A patient who requires follow-up care or elective surgery may be discharged and
readmitted or may be placed on a leave of absence.
Hospitals may place a patient on a leave of absence when readmission is expected and the
patient does not require a hospital level of care during the interim period. Examples could
include, but are not limited to, situations where surgery could not be scheduled
immediately, a specific surgical team was not available, bilateral surgery was planned, or
when further treatment is indicated following diagnostic tests but cannot begin
immediately. Institutional providers must not use the leave of absence billing procedure
when the second admission is unexpected.
The A/B MACs (A) may choose to review claims if data analysis deems it a priority.
AB/MACs (A) will review the claim selected, based on the medical record associated with
that claim and make a payment determination on that claim.
The QIOs may review acute care hospital admissions occurring within 30 days of
discharge from an acute care hospital if both hospitals are in the QIO’s jurisdiction and if
it appears that the two confinements could be related. Two separate payments would be
made for these cases unless the readmission or preceding admission is denied.
NOTE: The QIO’s authority to review and to deny readmissions when appropriate is not
limited to readmissions within 30 days. The QIO has the authority to deny the second
admission to the same or another acute PPS hospital, no matter how many days elapsed
since the patient's discharge.
Placing a patient on a leave of absence will not generate two payments. Only one bill and
one DRG payment is made. The A/B MACs (A) do not consider leave of absence bills as
two admissions. It may select such bills for review for other reasons.
When a patient is discharged/transferred from an acute care Prospective Payment System
(PPS) hospital, and is readmitted to the same acute care PPS hospital on the same day for
symptoms related to, or for evaluation and management of, the prior stay’s medical
condition, hospitals shall adjust the original claim generated by the original stay by
combining the original and subsequent stay onto a single claim.

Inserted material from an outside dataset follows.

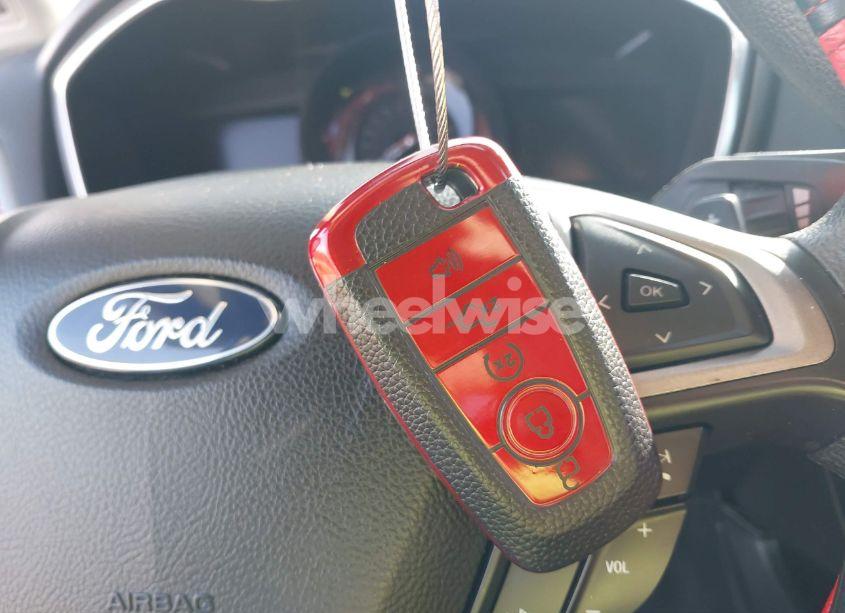 Photo 11 of 2020 Ford Fusion SE (VIN 3FA6P0T93LR247572)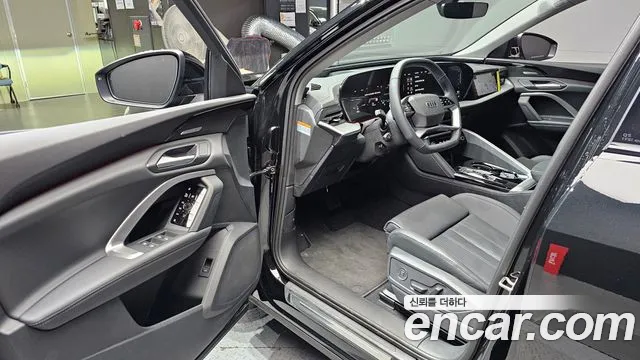 Audi Q5 45 TFSI quattro S Line — Фото автомобиля 8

Services rendered by other entities during a combined stay must be paid by the acute care
PPS hospital. The acute care PPS hospital is responsible for the other entity’s services per
common Medicare practice
NOTE: Medicare does not reimburse other entities for services performed during two
inpatient acute care PPS stays that are combined onto a single claim. However, the other
entity’s services may be considered and billed as covered services, when appropriate, by
the acute care PPS hospital.
When a patient is discharged/transferred from an acute care PPS hospital and is readmitted
to the same acute care PPS hospital on the same day for symptoms unrelated to, and/or not
for evaluation and management of, the prior stay’s medical condition, hospitals shall place
condition code (CC) B4 on the claim that contains an admission date equal to the prior
admissions discharge date.
Upon the request of A/B MACs (A), hospitals must submit medical records pertaining to
the readmission.
For Non-PPS acute care hospitals, such as Maryland waiver hospitals, the readmission bill
(if related to original admission) does not have to be combined with the original bill if the
stay spans a month. However, the original bill would have to be adjusted to change the
patient status code to a 30 (still a patient). Subsequent monthly bills for this admission
would be billed as interim bills, 112, 113 or 114.